Multiple Comparisons Fallacy Summary

(Also known as: multiple comparisons, multiplicity, multiple testing problem, the look-elsewhere effect)

Description: Claiming that unexpected trends that occur through random chance alone in a data set with a large number of variables are meaningful.

In inductive arguments, there is always a chance that the conclusion might be false, despite the truth of the premises. This is often referred to as “confidence level.” In any given study or poll, there is a confidence level of less than 100%. If a confidence level is 95%, then one out of 20 similar studies will have a false conclusion. If you make multiple comparisons (either in the same study or compare multiple studies), say 20 or more where there is a 95% confidence level, you are likely to get a false conclusion. This becomes a fallacy when that false conclusion is seen as significant rather than a statistical probability.

This fallacy can be overcome by proper testing techniques and procedures that are outside the scope of this book.

Logical Forms:

Out of N studies, A produced result X and B produced result Y.

Tomorrow’s headlines read, “Studies show Y”.

The study’s significance level was X.

The study compared multiple variables until some significant result was found.

Example #1:

100 independent studies were conducted comparing brain tumor rates of those who use cell phones to those who don’t.

90 of the tests showed no significant difference in the rates.

5 of the tests showed that cell phone users were more than twice as likely to develop tumors than those who don’t use cell phones.

5 of the tests showed that cell phone users were half as likely to develop tumors than those who don’t use cell phones.

FunTel Mobile’s new ad, “Studies show: Cell phone users are half as likely to develop brain tumors!”

Explanation: Because we did multiple tests, i.e., compared multiple groups, statistically we are likely to get results that fall within the acceptable margin of error.  These must be disregarded as anomalies or tested further, but not taken to be meaningful while ignoring the other results.

Example #2:

In our study, we looked at 100 individuals who sang right before going to bed, and 100 individuals who did not sing.  Here is what we found: Over 90% of the individuals who sang slept on their backs, and just 10% slept on their stomachs or sides.  This is compared to 50% of those who did not sing, sleeping on their backs and 50% sleeping on their stomachs or sides.  Therefore, singing has something to do with sleeping position.

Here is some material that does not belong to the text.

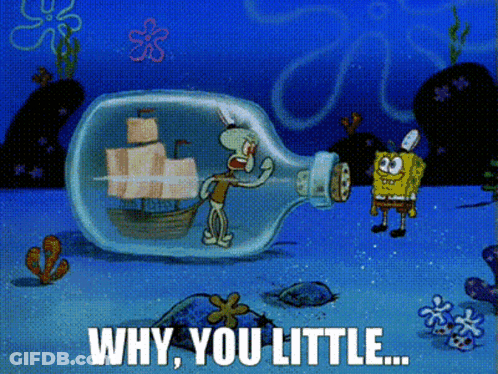 SpongeBob And Squidward In Bottle Saying Why You Little GIF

Explanation: What this study did not report, is that over 500 comparisons were done between the two groups, on everything from quality of sleep to what they ate for breakfast the next day.  Out of all the comparisons, most were meaningless, thus were discarded—but as expected via the law statistics and probability, there were some anomalies, the sleeping position being the most dramatic. 

Exception: Only proper testing and accurate representation of the results would lead to non-fallacious conclusions.

Fun Fact: In a group of 23 random people, it is more likely than not that at least two of the people in the group have the same birthday. This is referred to a the birthday paradox and it is a classic example of the multiple comparisons fallacy.


Walsh, J. (1996). True Odds: How Risk Affects Your Everyday Life. Silver Lake Publishing.